Exercise -
Whichever lines include the word "High", copy them as they appear in the data.

Data items
──────────────────────────────

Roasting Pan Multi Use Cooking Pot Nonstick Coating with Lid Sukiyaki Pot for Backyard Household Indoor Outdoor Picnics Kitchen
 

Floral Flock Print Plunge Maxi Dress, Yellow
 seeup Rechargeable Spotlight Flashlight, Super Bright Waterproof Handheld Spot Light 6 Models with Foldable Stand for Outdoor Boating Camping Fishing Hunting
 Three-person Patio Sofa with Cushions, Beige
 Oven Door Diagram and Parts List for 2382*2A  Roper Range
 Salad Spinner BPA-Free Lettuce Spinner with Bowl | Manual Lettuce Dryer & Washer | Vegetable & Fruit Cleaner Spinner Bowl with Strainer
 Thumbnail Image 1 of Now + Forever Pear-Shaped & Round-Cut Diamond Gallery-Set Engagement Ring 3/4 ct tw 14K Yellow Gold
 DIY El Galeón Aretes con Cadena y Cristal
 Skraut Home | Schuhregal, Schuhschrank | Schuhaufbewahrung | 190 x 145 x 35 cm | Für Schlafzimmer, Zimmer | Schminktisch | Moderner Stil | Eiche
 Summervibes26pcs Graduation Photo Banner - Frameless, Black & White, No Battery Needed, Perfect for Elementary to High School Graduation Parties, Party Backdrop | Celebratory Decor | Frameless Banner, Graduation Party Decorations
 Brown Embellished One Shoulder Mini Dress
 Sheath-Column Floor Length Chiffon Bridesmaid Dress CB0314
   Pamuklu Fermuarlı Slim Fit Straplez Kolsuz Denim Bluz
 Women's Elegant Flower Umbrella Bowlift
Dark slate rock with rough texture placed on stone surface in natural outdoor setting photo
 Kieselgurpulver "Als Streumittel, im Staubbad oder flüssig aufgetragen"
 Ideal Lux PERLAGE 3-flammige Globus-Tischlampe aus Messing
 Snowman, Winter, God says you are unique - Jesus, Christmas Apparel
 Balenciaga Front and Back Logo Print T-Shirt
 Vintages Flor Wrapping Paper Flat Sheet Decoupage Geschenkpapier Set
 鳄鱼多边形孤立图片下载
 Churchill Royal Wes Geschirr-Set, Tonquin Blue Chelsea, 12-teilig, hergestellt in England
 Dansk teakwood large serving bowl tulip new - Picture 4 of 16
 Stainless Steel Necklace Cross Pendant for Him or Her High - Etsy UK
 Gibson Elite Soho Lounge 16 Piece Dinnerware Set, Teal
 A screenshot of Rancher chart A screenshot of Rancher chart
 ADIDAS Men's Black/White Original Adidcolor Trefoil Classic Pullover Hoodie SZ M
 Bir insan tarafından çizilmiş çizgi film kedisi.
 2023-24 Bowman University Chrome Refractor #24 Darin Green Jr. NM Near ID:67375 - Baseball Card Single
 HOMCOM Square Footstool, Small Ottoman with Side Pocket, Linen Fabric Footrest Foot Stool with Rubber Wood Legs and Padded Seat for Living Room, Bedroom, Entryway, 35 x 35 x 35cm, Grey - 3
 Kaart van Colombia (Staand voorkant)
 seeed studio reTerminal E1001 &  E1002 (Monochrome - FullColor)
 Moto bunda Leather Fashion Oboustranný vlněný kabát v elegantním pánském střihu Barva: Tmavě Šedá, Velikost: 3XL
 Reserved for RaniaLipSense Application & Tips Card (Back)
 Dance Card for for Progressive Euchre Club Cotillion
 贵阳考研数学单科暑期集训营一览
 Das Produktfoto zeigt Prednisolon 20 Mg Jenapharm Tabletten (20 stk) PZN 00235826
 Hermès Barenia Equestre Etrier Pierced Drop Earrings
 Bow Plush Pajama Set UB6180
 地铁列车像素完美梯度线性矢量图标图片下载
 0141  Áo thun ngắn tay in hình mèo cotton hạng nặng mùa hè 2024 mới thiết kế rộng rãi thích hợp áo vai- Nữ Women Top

──────────────────────────────

Finished task -
 Summervibes26pcs Graduation Photo Banner - Frameless, Black & White, No Battery Needed, Perfect for Elementary to High School Graduation Parties, Party Backdrop | Celebratory Decor | Frameless Banner, Graduation Party Decorations
 Stainless Steel Necklace Cross Pendant for Him or Her High - Etsy UK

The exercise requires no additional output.